Fascinante biographie fictive d'Isabel Barreto qui fut "la reine des quatre parties du monde", comprendre la marquise des Mers du Sud, comprendre la conquistadora du Pacifique Sud, découvreuse des Iles Marquises en 1595 aux côtés de son époux, le navigateur Alvaro de Montaña, précédemment découvreur des Iles Salomon.
Née en 1567 à Lima, au Pérou alors terre espagnole, cette noble et belle jeune femme au caractère bien trempé, partagea la passion de ses deux maris pour la "Conquête", qui pendant plus de deux cent ans a porté les conquistores espagnols dans leurs entreprises d'"évangélisation, de colonisation et de civilisation" des Indiens du Pacifique. Isabel Barreto fut de fait la première femme amirale de l'Histoire.

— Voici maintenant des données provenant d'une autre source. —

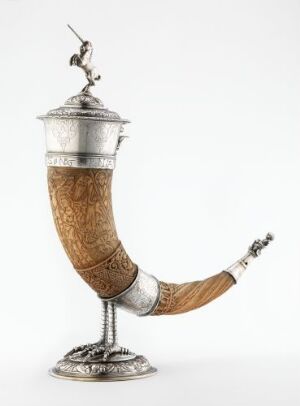  "Velkenhornet," a historical drinking horn made from carved ox horn with exquisitely crafted silver mounts, lid, and foot, featuring detailed chiseled and engraved decoration, created by an unidentified artist.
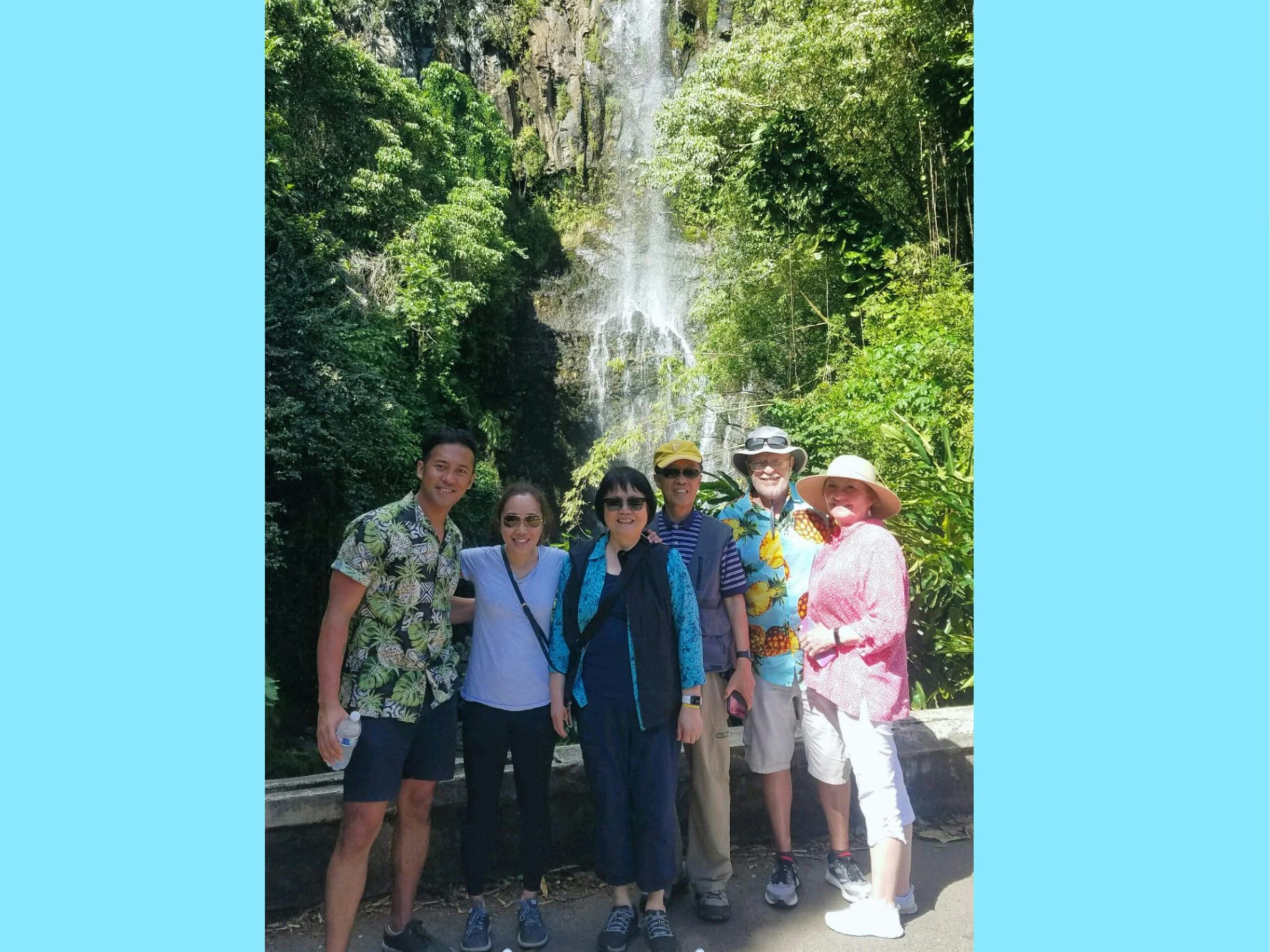 a group of people standing next to a tree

Après des recherches poussées et érudites, Alexandra Lapierre s'est lancée dans l'incroyable défi de décrire le périple fou de cette femme folle. Folle comme l'étaient tous ces êtres qui s'embarquaient sans cartes, sans longues-vues, sans GPS, sans capacité de se repérer en chemin, cernés par l'immensité liquide des océans, et avec à bord de leurs vaisseaux et galions imparfaitement étanches la lie de l'humanité censée "civiliser" les nouvelles colonies.
Chimères exaltées, rêves de gloire, appétits de richesses, utopies politiques, qui peut dire aujourd'hui ce qui motiva ces milliers d'hommes et de femmes à quitter l'Espagne pour le Nouveau Monde, ses climats, ses habitants, ses fauves et ses jungles, tous hostiles. Et au-delà du nouveau continent, de reprendre la mer pour aller droit devant soi se heurter aux indigènes, souvent cannibales, des archipels de l'infini Pacifique. Au nom de quelle foi et de quel roi ces fous ont-ils massacré, détruit, construit, exploité ?
"Je te vois reine des quatre parties du monde" est non seulement un beau portrait de femme, un bon roman historique pour qui aime les récits de navigation et d'exploration, mais encore et avant tout, il est selon moi un flamboyant tableau du spectacle qu'ont produit les fastes d'une société dominatrice, barbare dans sa rapacité et tyrannique dans son essor débridé.
Le roman se lit très bien, il est très imagé, les personnages, nombreux, sont bien fouillés. La fascination s'empare du lecteur au fil des pages ; une fascination de l'horreur lorsqu'il devient le témoin des conditions inhumaines de l'exploration maritime : insalubrité des navires, sauvagerie des naturels, barbarie des envahisseurs...
Un roman au souffle équipe qui rend témoignage plutôt qu'hommage à une période à la fois sombre et lumineuse de l'histoire de l'Espagne de la Renaissance.